--- Input for this task Enclosed Below ---
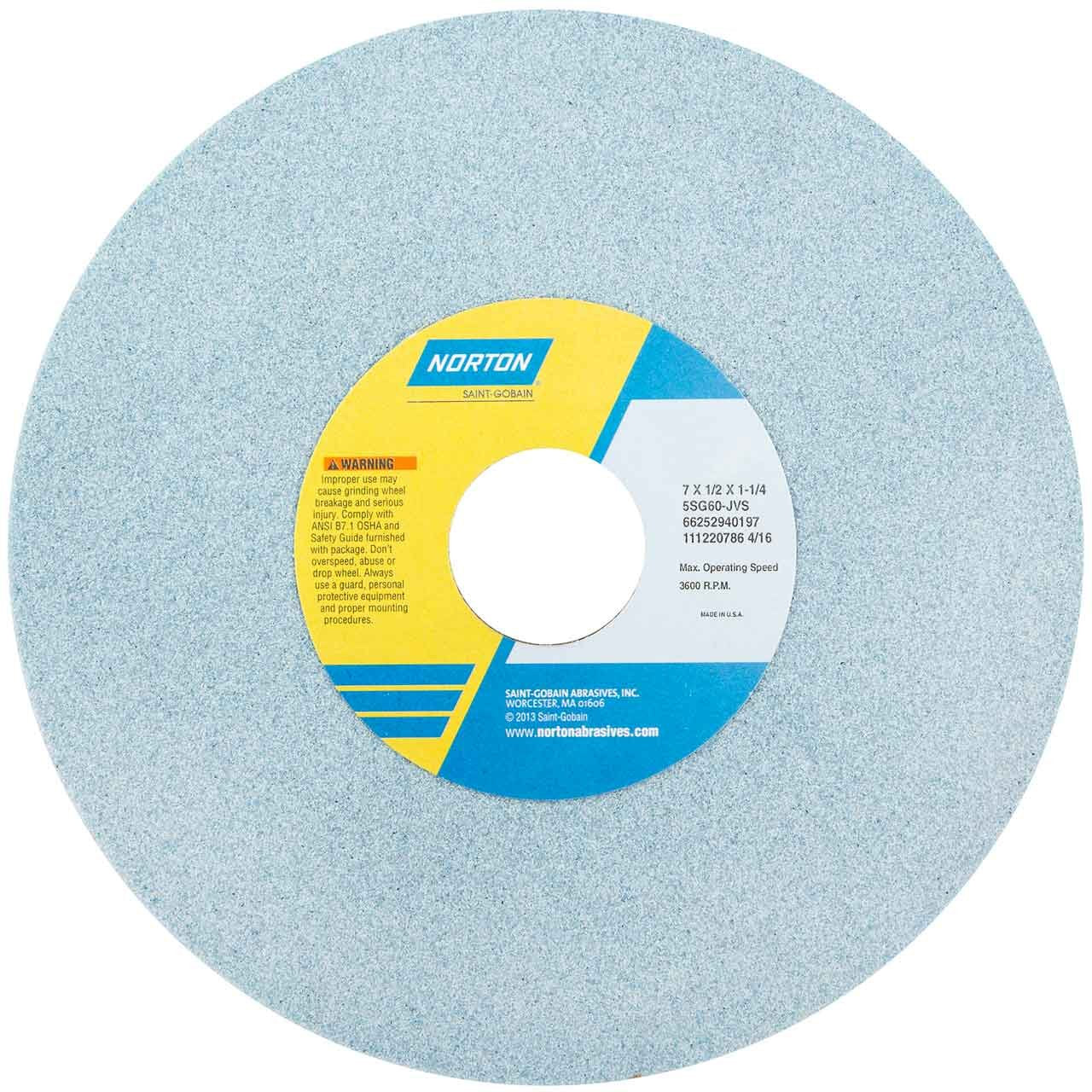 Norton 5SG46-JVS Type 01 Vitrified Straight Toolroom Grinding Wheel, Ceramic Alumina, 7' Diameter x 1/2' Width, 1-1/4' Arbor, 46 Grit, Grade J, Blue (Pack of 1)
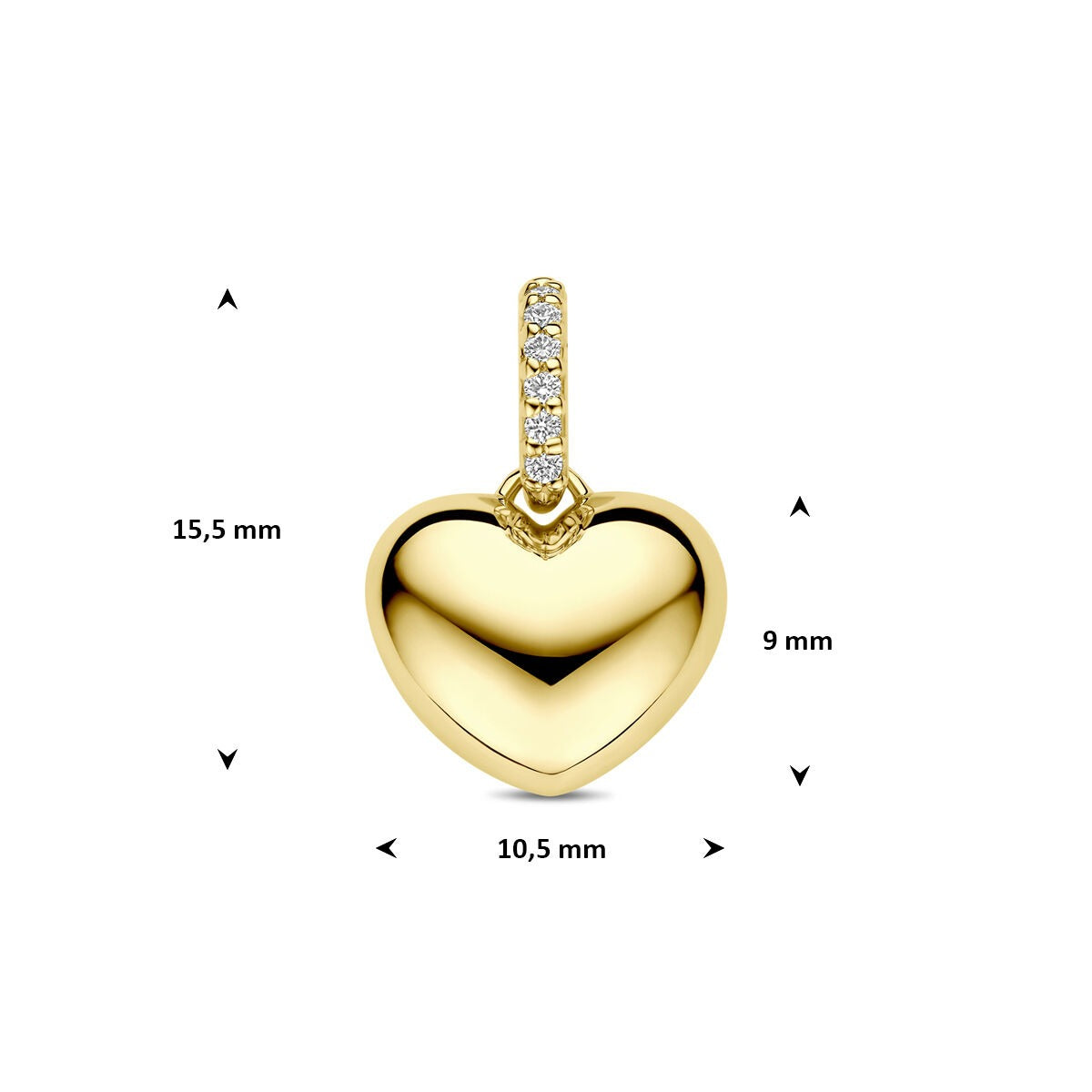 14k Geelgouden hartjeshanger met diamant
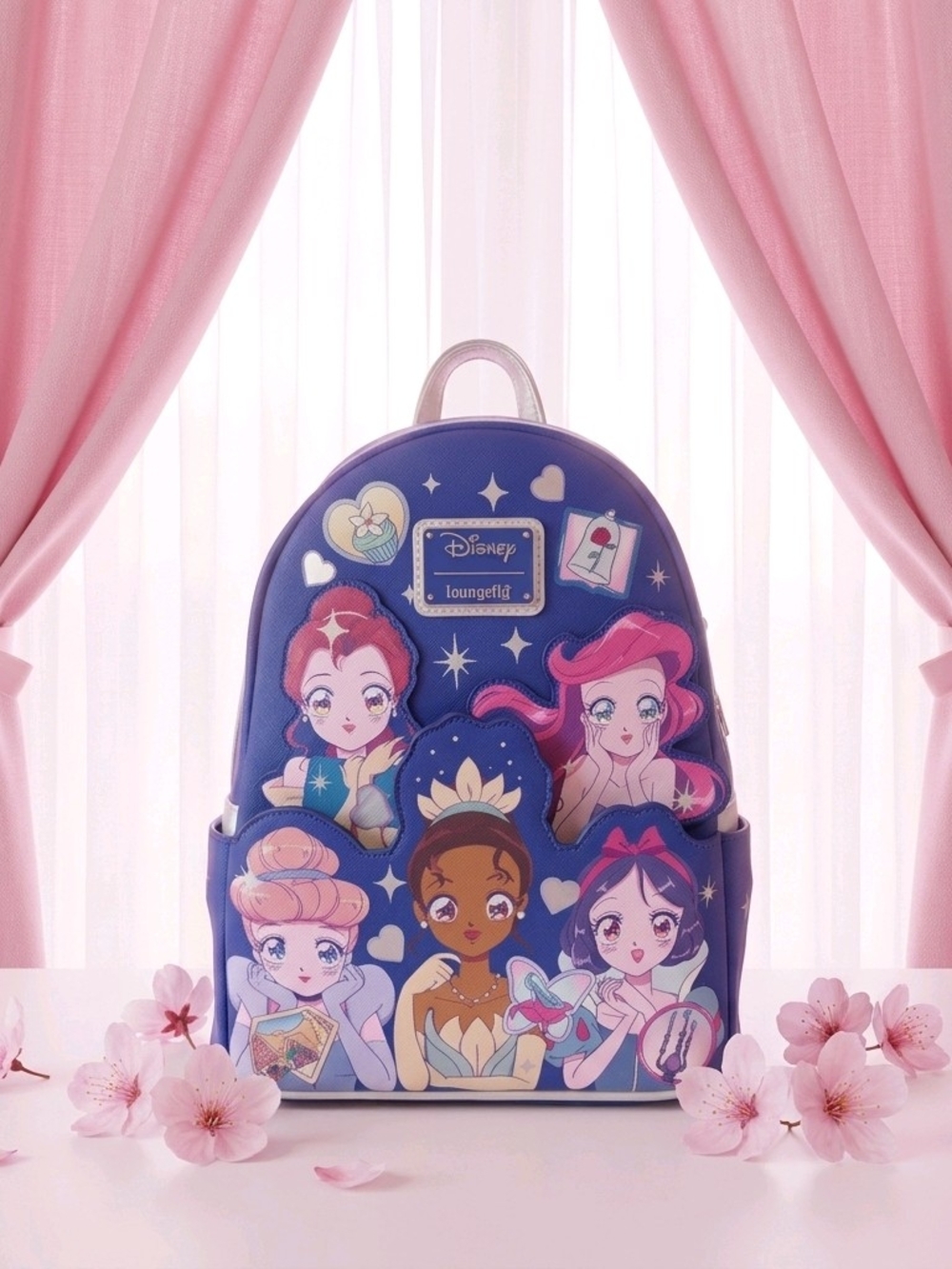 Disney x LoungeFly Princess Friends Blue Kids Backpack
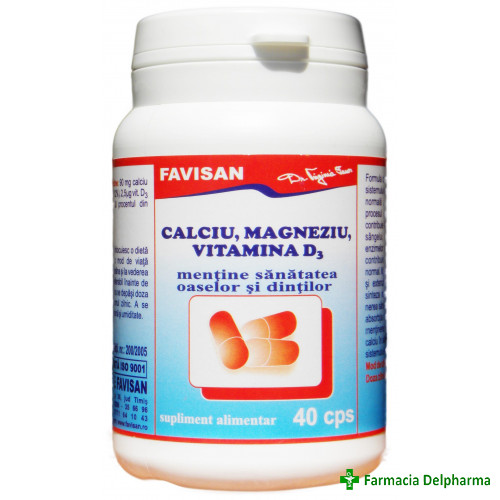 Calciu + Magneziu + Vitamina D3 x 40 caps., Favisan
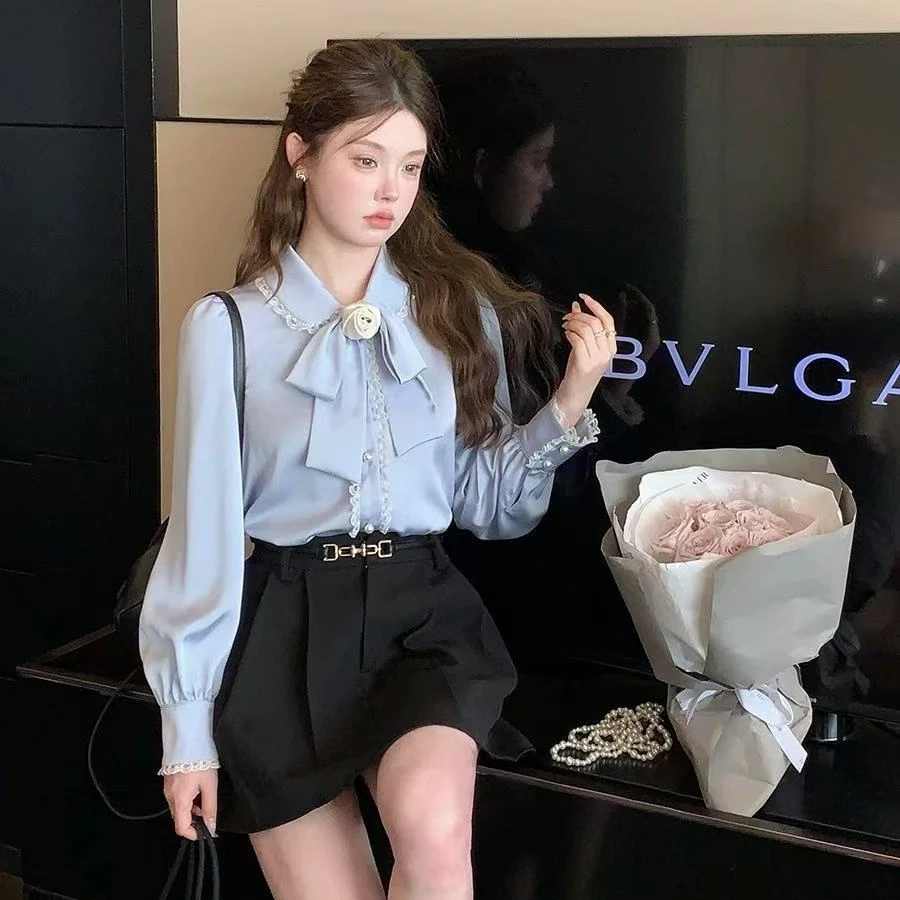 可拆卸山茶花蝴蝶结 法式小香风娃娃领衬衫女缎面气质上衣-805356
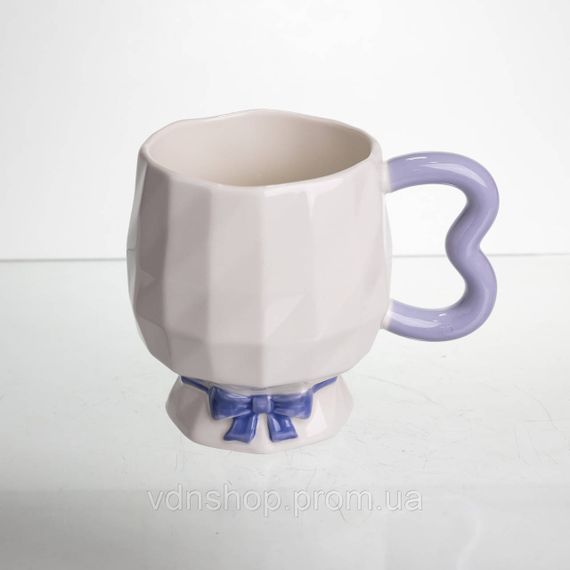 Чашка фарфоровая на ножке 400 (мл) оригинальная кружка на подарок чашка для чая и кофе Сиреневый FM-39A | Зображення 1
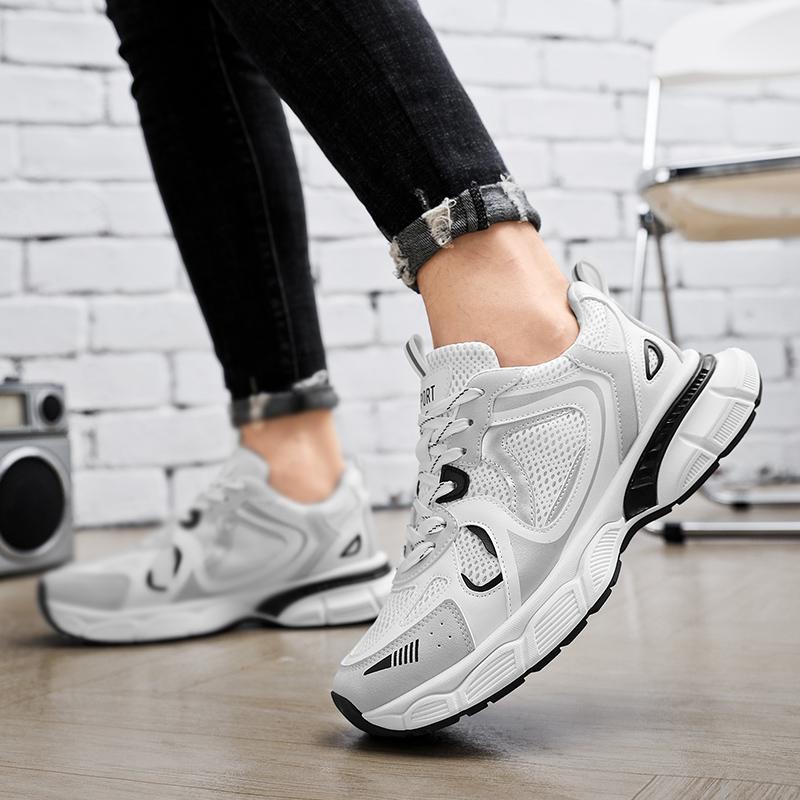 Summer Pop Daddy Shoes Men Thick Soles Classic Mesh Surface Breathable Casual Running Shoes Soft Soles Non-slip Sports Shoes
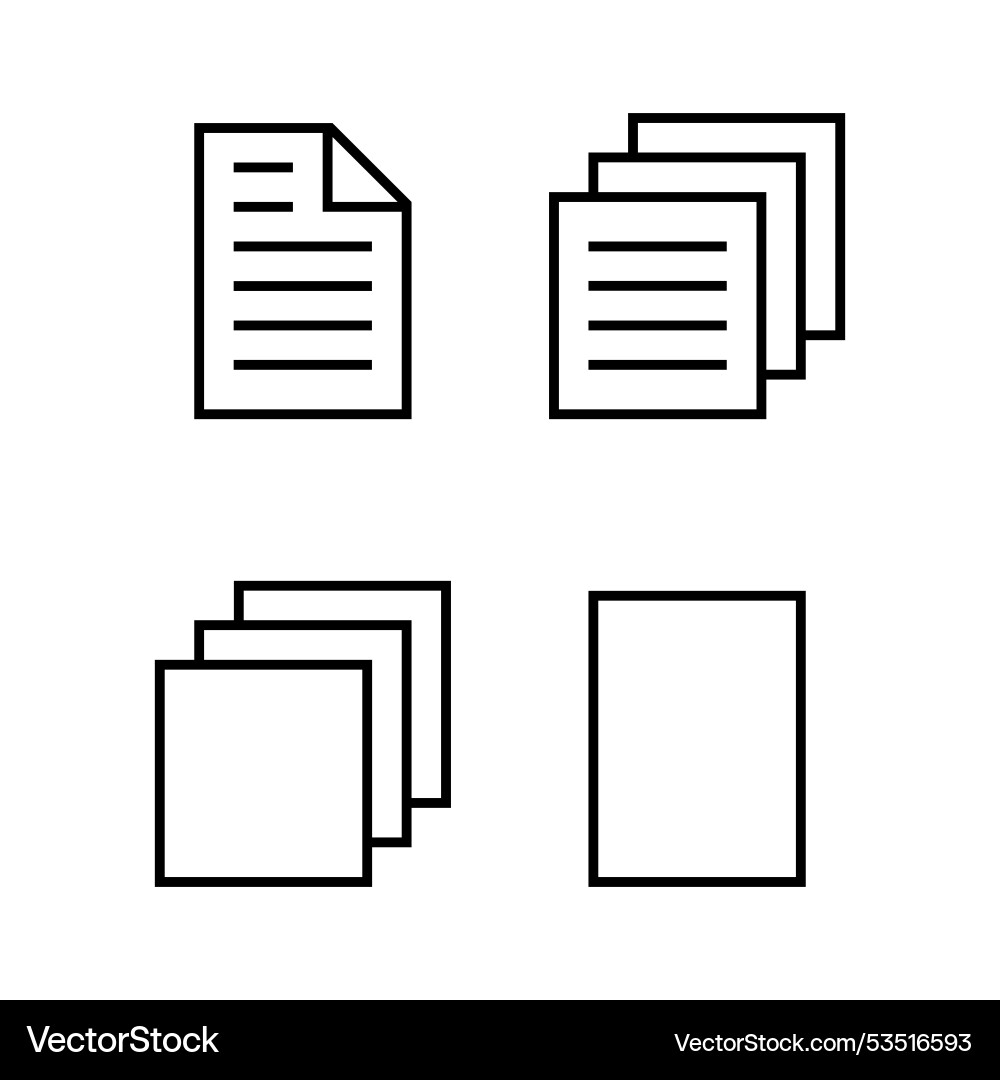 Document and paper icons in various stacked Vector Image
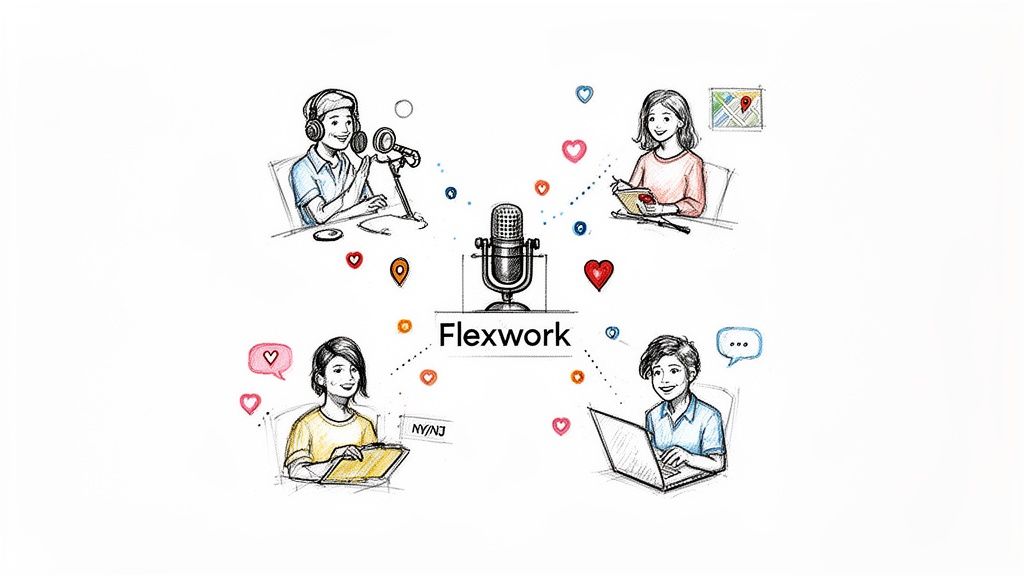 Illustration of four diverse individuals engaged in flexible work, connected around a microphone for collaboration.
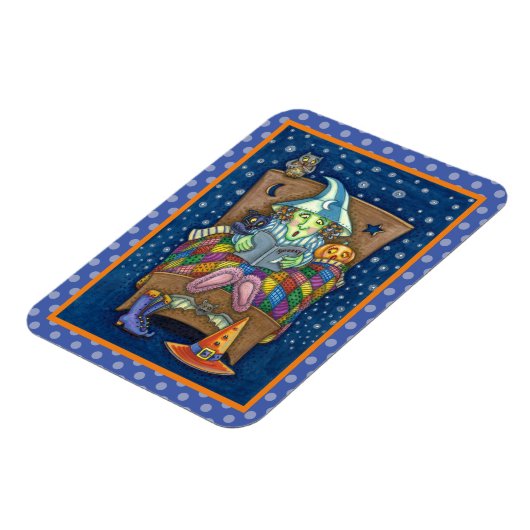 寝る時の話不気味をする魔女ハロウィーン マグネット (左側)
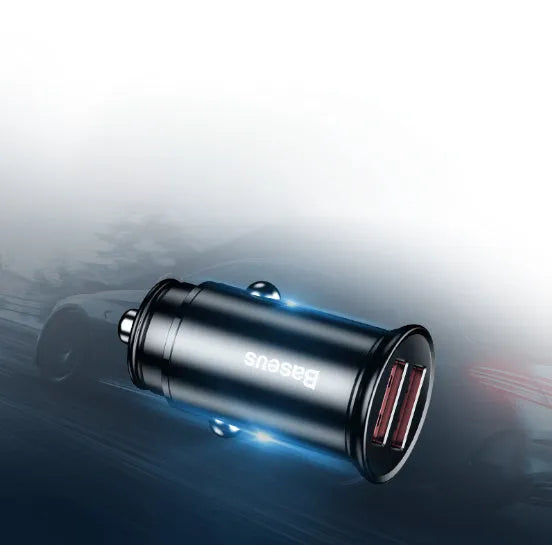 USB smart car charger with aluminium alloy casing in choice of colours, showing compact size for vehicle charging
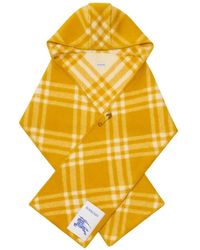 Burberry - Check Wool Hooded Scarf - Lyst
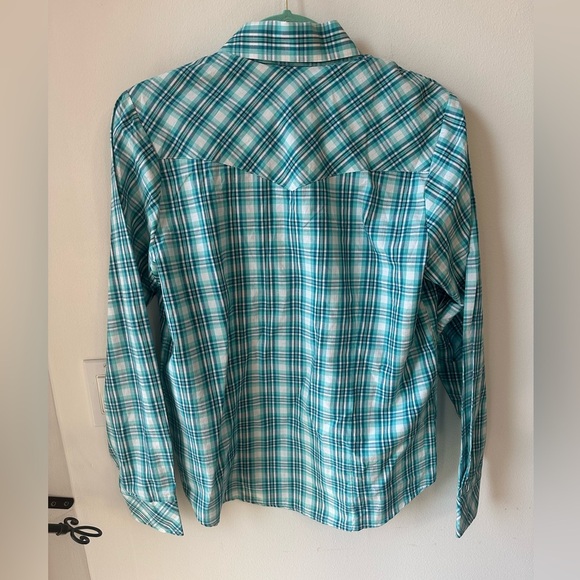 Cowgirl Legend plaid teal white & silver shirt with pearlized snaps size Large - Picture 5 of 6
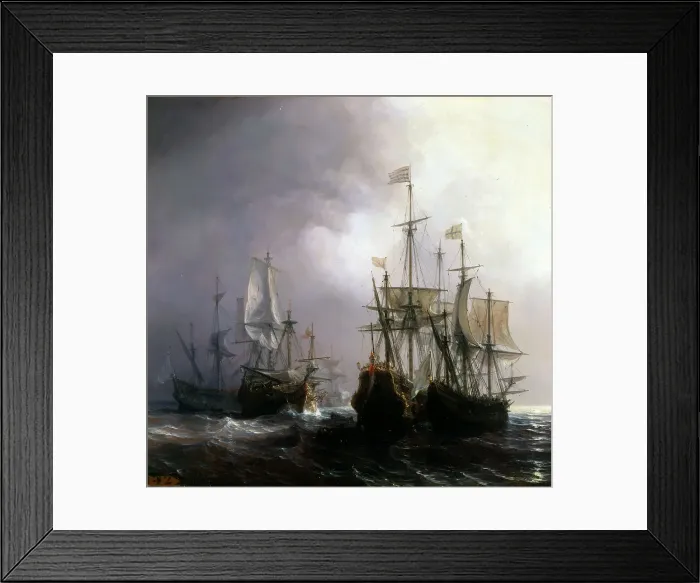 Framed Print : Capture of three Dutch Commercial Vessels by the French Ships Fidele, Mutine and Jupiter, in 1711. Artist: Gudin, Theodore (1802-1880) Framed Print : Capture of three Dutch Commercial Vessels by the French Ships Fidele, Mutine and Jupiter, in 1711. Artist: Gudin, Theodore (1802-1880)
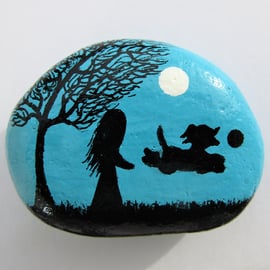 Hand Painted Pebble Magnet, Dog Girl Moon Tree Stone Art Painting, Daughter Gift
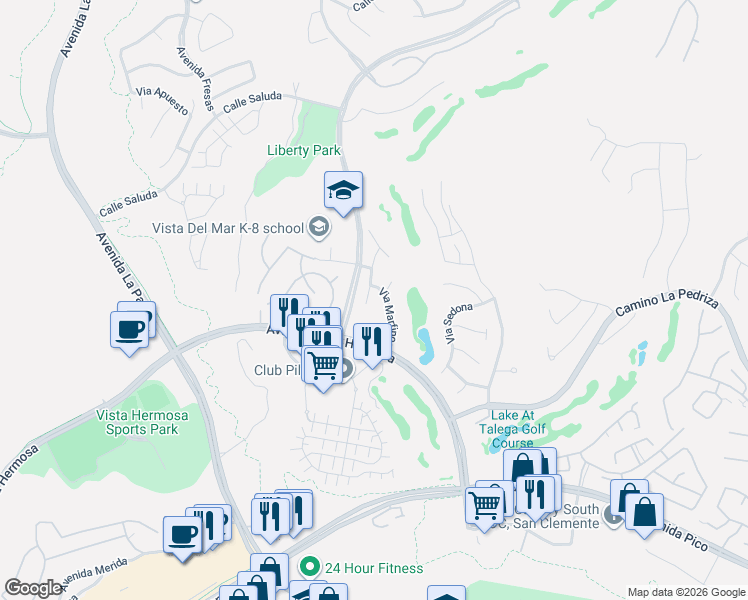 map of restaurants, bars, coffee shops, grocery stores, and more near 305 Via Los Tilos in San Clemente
--- End of Enclosed Input for this task ---
Exercise aim — Retype the listing exactly and drop the pictures.

Result for this exercise —
 Norton 5SG46-JVS Type 01 Vitrified Straight Toolroom Grinding Wheel, Ceramic Alumina, 7' Diameter x 1/2' Width, 1-1/4' Arbor, 46 Grit, Grade J, Blue (Pack of 1)
 14k Geelgouden hartjeshanger met diamant
 Disney x LoungeFly Princess Friends Blue Kids Backpack
 Calciu + Magneziu + Vitamina D3 x 40 caps., Favisan
 可拆卸山茶花蝴蝶结 法式小香风娃娃领衬衫女缎面气质上衣-805356
 Чашка фарфоровая на ножке 400 (мл) оригинальная кружка на подарок чашка для чая и кофе Сиреневый FM-39A | Зображення 1
 Summer Pop Daddy Shoes Men Thick Soles Classic Mesh Surface Breathable Casual Running Shoes Soft Soles Non-slip Sports Shoes
 Document and paper icons in various stacked Vector Image
 Illustration of four diverse individuals engaged in flexible work, connected around a microphone for collaboration.
 寝る時の話不気味をする魔女ハロウィーン マグネット (左側)
 USB smart car charger with aluminium alloy casing in choice of colours, showing compact size for vehicle charging
 Burberry - Check Wool Hooded Scarf - Lyst
 Cowgirl Legend plaid teal white & silver shirt with pearlized snaps size Large - Picture 5 of 6
 Framed Print : Capture of three Dutch Commercial Vessels by the French Ships Fidele, Mutine and Jupiter, in 1711. Artist: Gudin, Theodore (1802-1880) Framed Print : Capture of three Dutch Commercial Vessels by the French Ships Fidele, Mutine and Jupiter, in 1711. Artist: Gudin, Theodore (1802-1880)
 Hand Painted Pebble Magnet, Dog Girl Moon Tree Stone Art Painting, Daughter Gift
 map of restaurants, bars, coffee shops, grocery stores, and more near 305 Via Los Tilos in San Clemente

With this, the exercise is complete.